The school district’s website also has additional equity pages detailing the district’s equity goals and plans. One equity page is titled “Culture of Belonging.” The page lists four “actions toward change” that the school district plans to achieve:
- Build partnerships and community.
- Repair harm and restore relationships.
- Affirm differences and uniqueness.
- Presume competence and positive intent.
The school district’s website also has a page titled “Waukee Equity Standards.” The page claims that the “Waukee Equity Standards are a set of anchor standards and age-appropriate learning outcomes divided into four domains: identity, diversity, justice, and action.” The school district also appears to explain on the page that the purpose of these standards is to turn students into political activists. The page continues to state:
The standards provide a common language and organizational structure to help reduce prejudice and advocate for positive change. In today’s world, these are essential skills for all humans. Teachers will use the standards to guide classroom discussions and learning opportunities making our schools more inclusive and safe.
The equity standards include teaching children as young as in kindergarten to “name some of [their] identities.” By their senior year, students should be able to know their “family history and cultural background” and be able to describe how their “own identity is informed and shaped by [their] history and culture.” High school students are also expected to “understand that diversity includes the topics of discrimination as well as the enactment and enforcement of laws which impacted the development of identities and cultures.”
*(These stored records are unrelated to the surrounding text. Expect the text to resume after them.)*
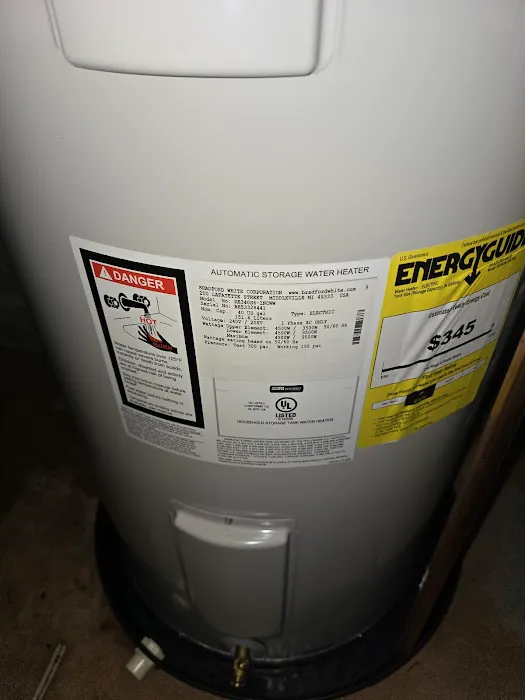 MB HAYNES Corporation Picture 1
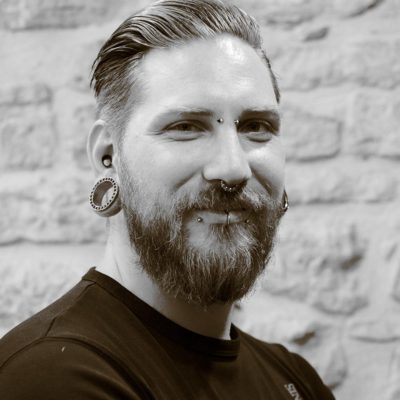 Greg Greg Daniel perceur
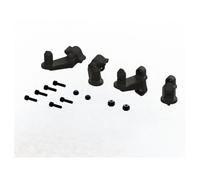 ARRMA Front and Rear Body Post Set for 1/8 Scale KRATON 6S RC Monster Truck Z-ARA-1505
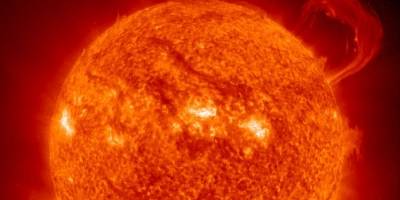 NASA enviará una sonda de investigación hacia el Sol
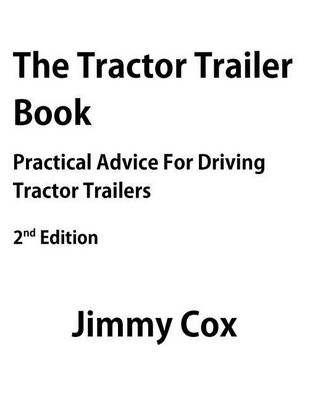 Cover of The Tractor Trailer Book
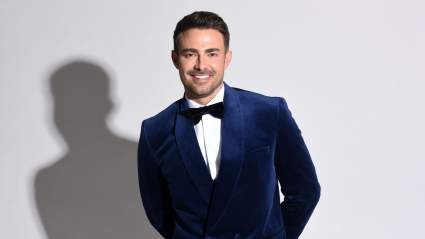 Jonathan Bennett desata el drama en un sketch que hace reír a carcajadas a sus fans y amigos — VIDEO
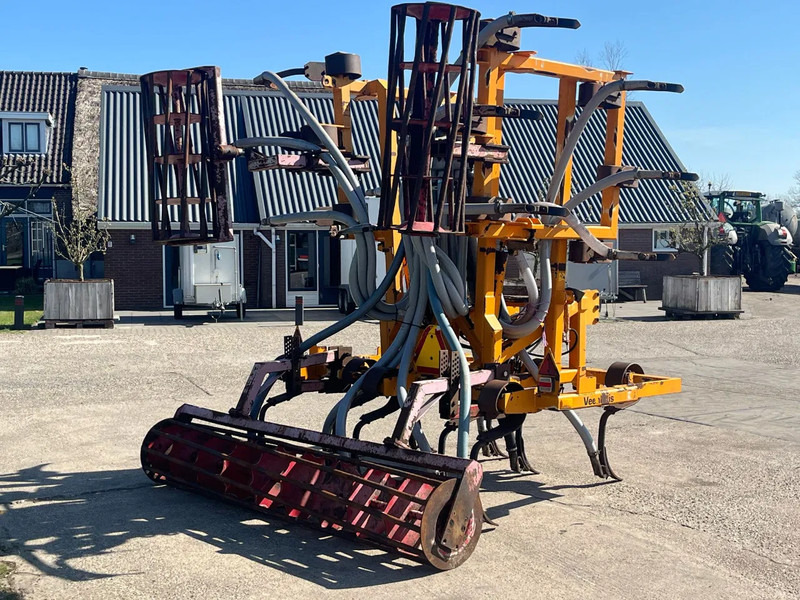 Veenhuis Terraject 588-21 Bouwlandbemester Bemester Veenhuis - Machine agricole: photos 4 Veenhuis Terraject 588-21 Bouwlandbemester Bemester Veenhuis - Machine agricole: photos 4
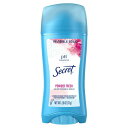 送料無料 シークレット パウダーフレッシュ 73g / 2.6oz Secret Powder Fresh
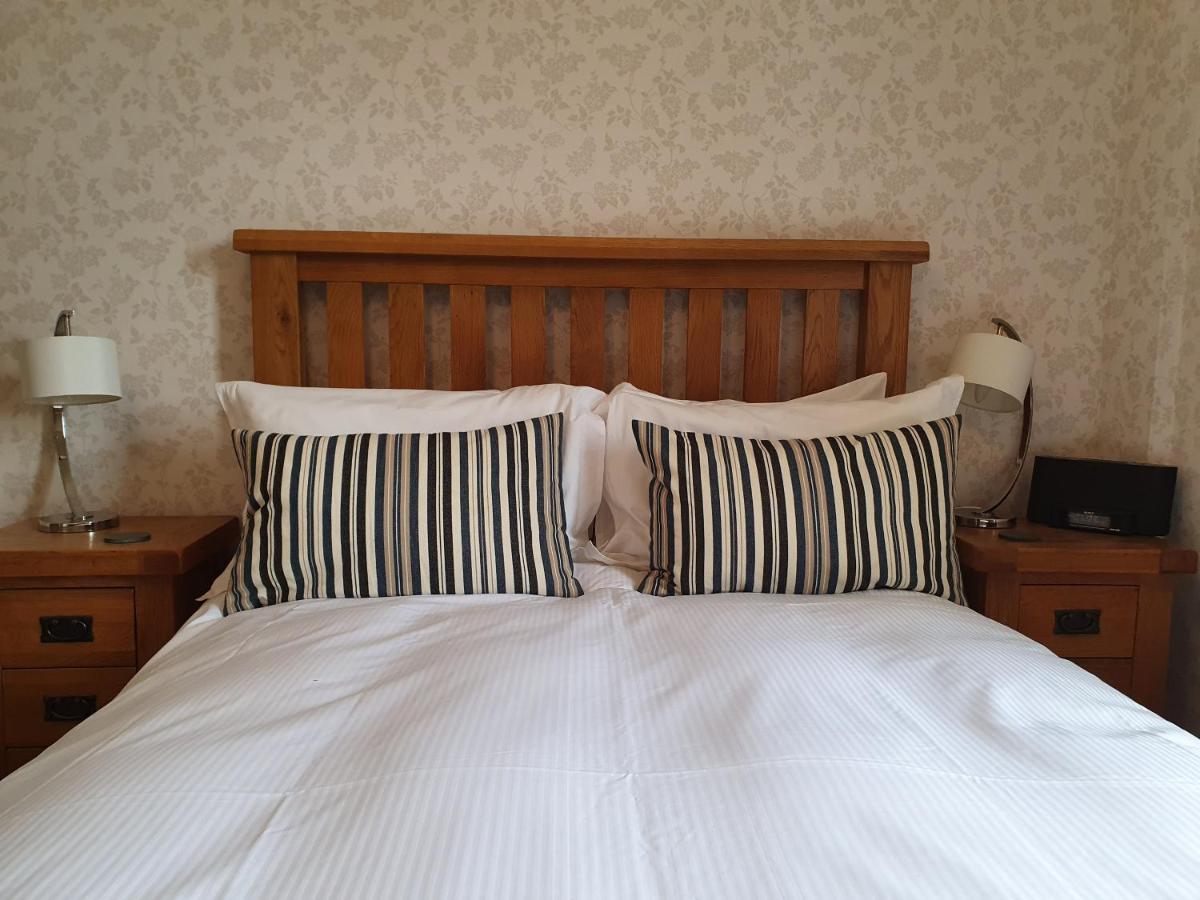 Strathmore Guest House (Adults Only) Keswick  Esterno foto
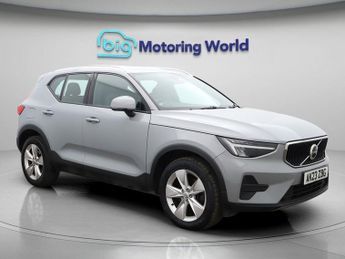 Volvo XC40 B3 CORE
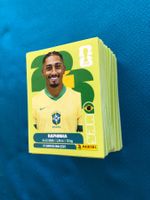 Panini WM 2026 - 175 Sticker - Keine Doppelten!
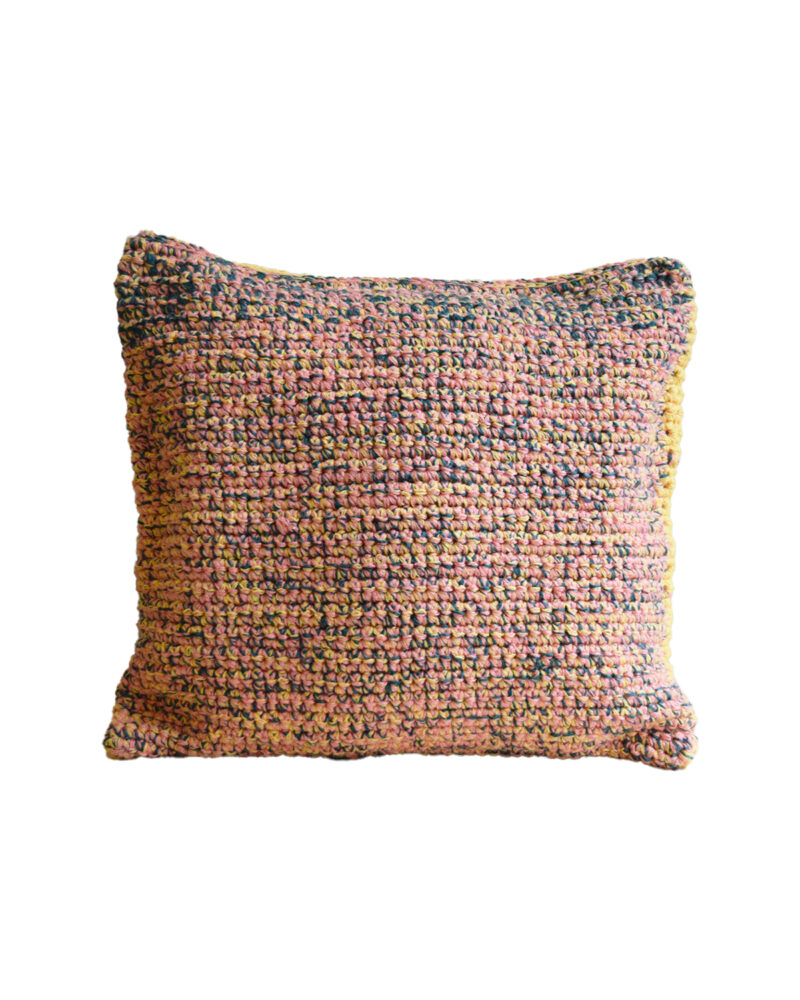 Housse de coussin Esmeralda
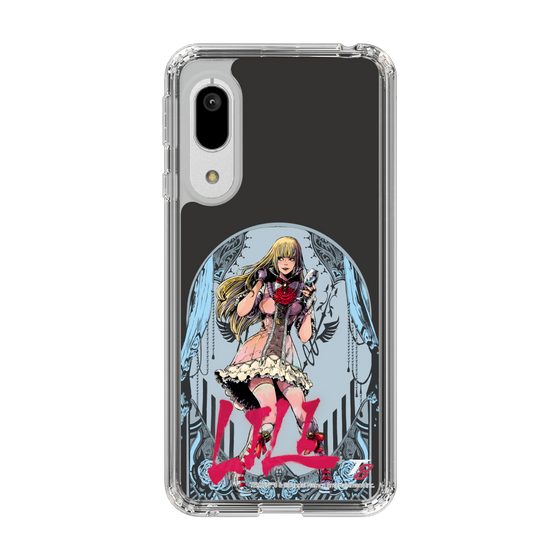 Slim Protection Case［ TEKKEN - Lili ］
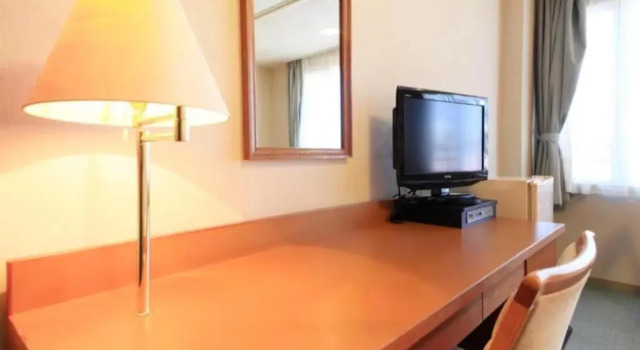 Студия Fuji Green Hotel - Vacation STAY 18932v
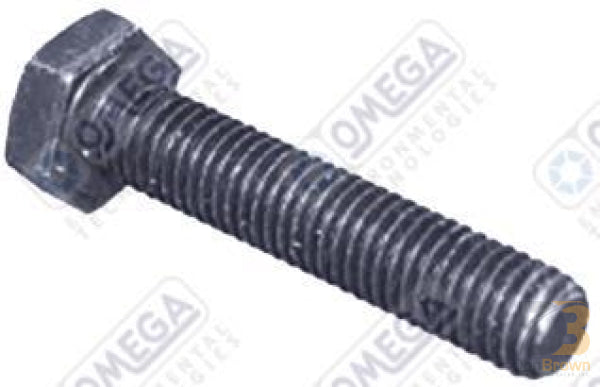 Omega Compressor Bolt for Gm Adaptor Block #mt0182 MT0183-1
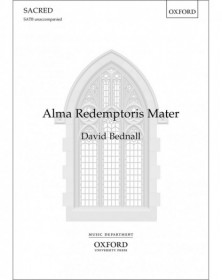 Alma Redemptoris Mater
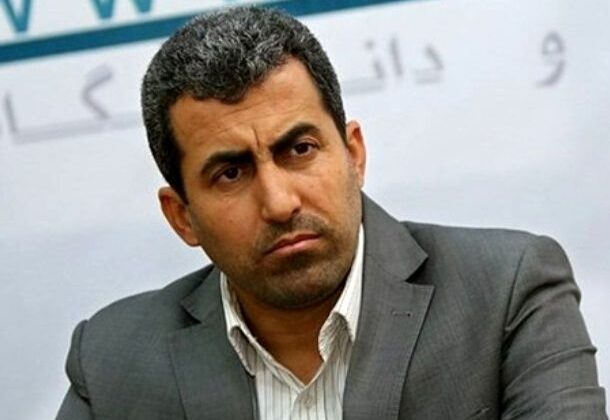 هشدار نماینده کرمان در مجلس؛ موج جدیدی که ما پیشبینی میکنیم؛ سوار شدن بر اعتراضات اقتصادی جدید است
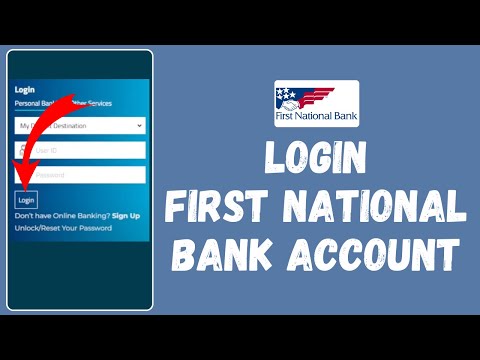 Fsnb Login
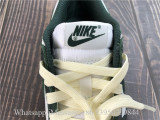 Nike Dunk Low Vintage Green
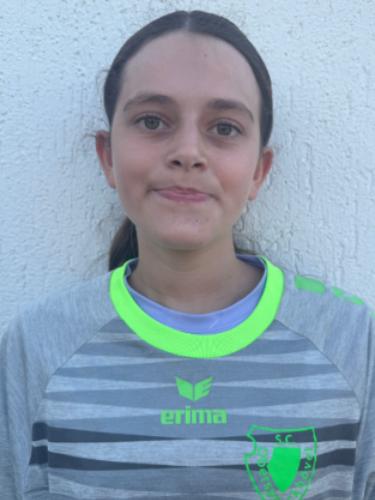 Aylma Abdi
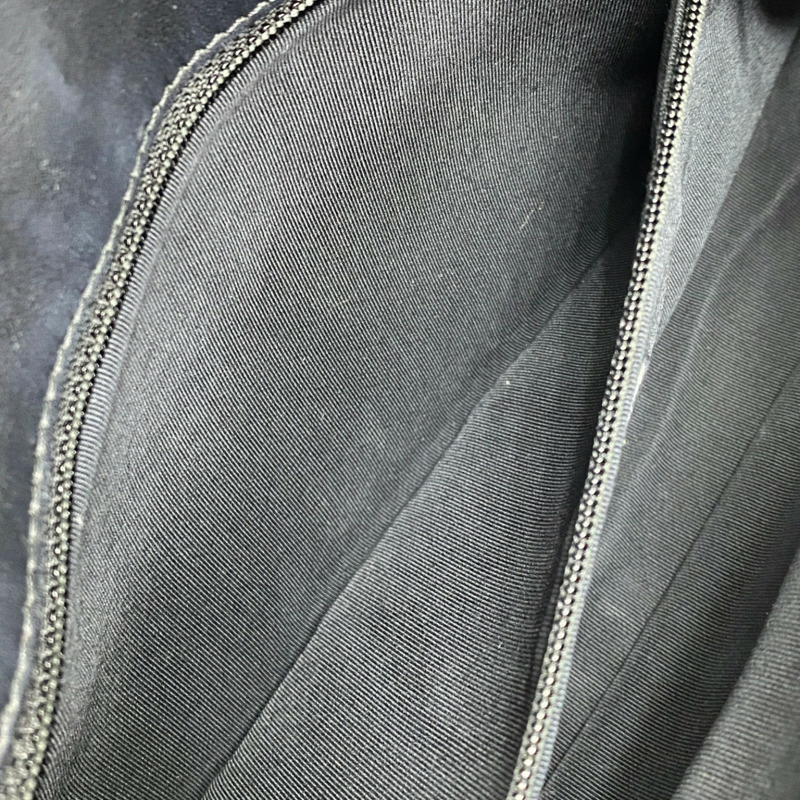 紅/黃/藍色 菱格紋 羊皮 肩背包【CHANEL 香奈兒】-3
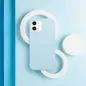 Space Case for XIAOMI Mi 11 Lite 5G Roar cover TPU Blue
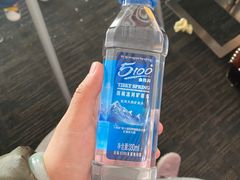 -首都机场t3-c国航两舱休息室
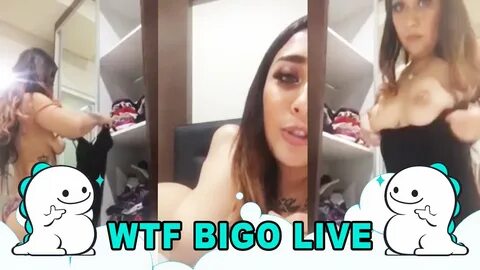 WTF Bigo Live lóri Twitter: "https://t.co/83fc1QYmD5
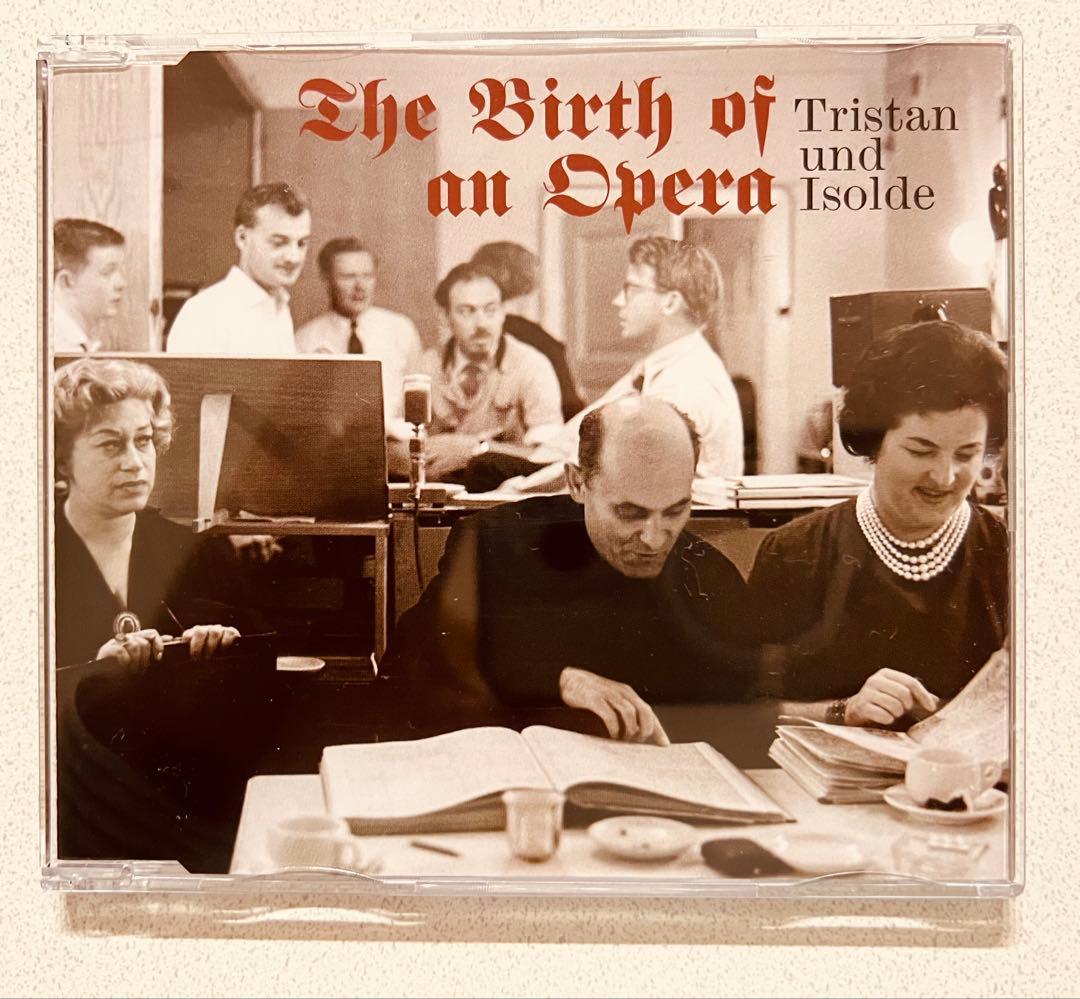 Solti / Wagner The Opera Collection 21CD - メルカリ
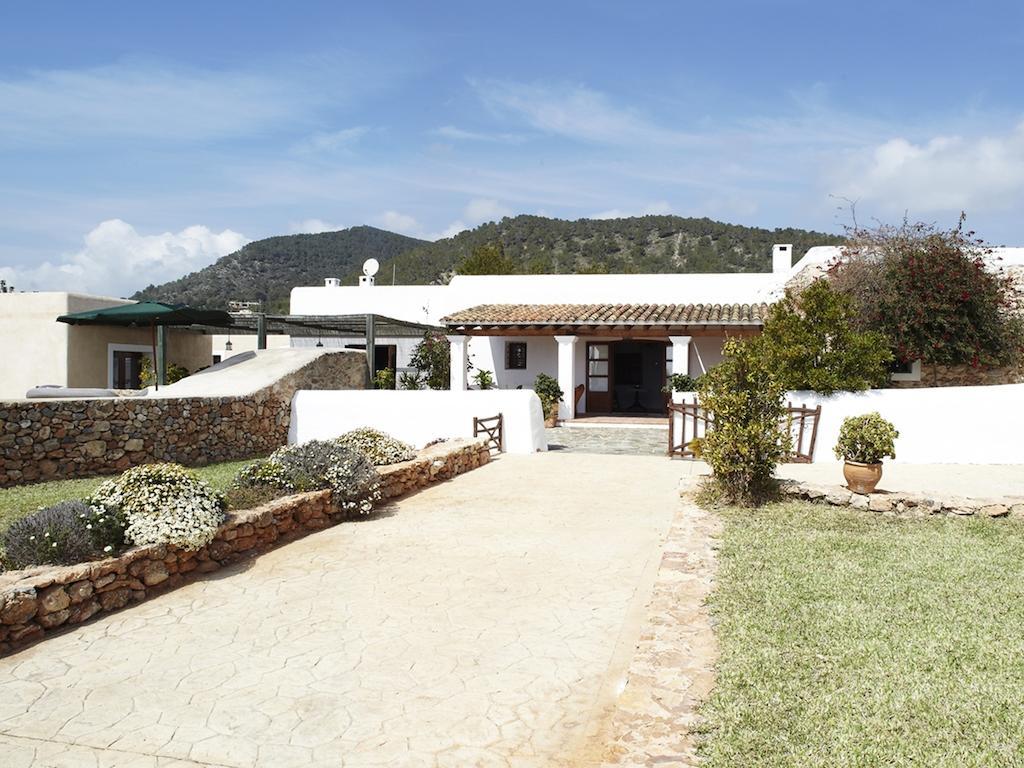 Villa Mariano Ibiza città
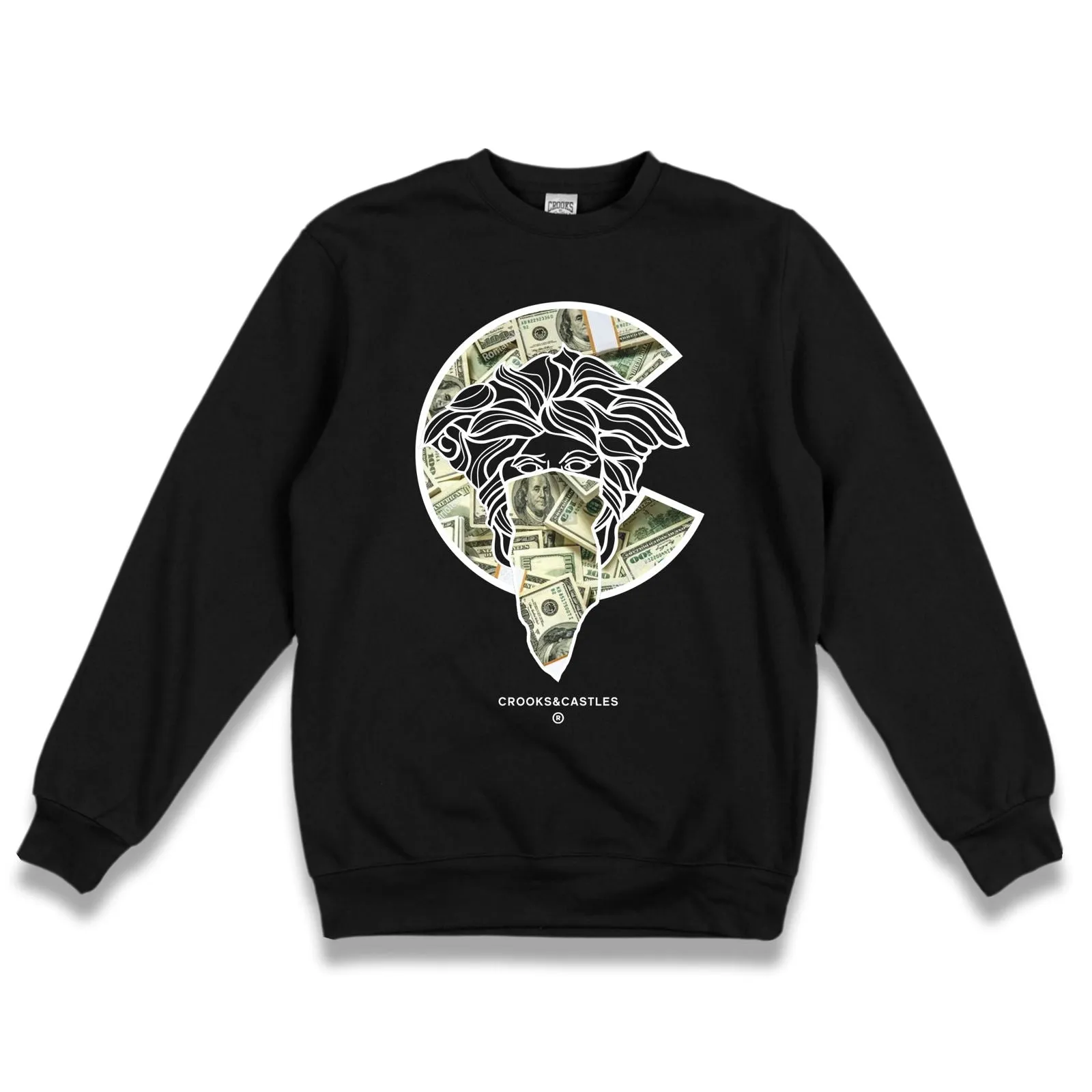 Bandito Crew sold by Crooks & Castles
The equity standards also include teaching children as young as in kindergarten about perceived “discrimination.” From the sixth to ninth grade, students should be able to “recognize and describe unfairness and injustices in many forms including attitudes, speech, behaviors, practices, and laws.” At this same point in school, students should be “aware that words, behaviors, unjust practices and laws can affect people in society, based on group or individual identities.”
The school district’s equity standards additionally include encouraging kindergartners to “express empathy and stand up to exclusion, prejudice, and injustice.” High school students are expected to “have the courage to speak up to people when their words, actions, or views are biased and hurtful.” High school students are also expected to “join with peers, family, and community members to plan and carry out action against exclusion, prejudice, and discrimination.”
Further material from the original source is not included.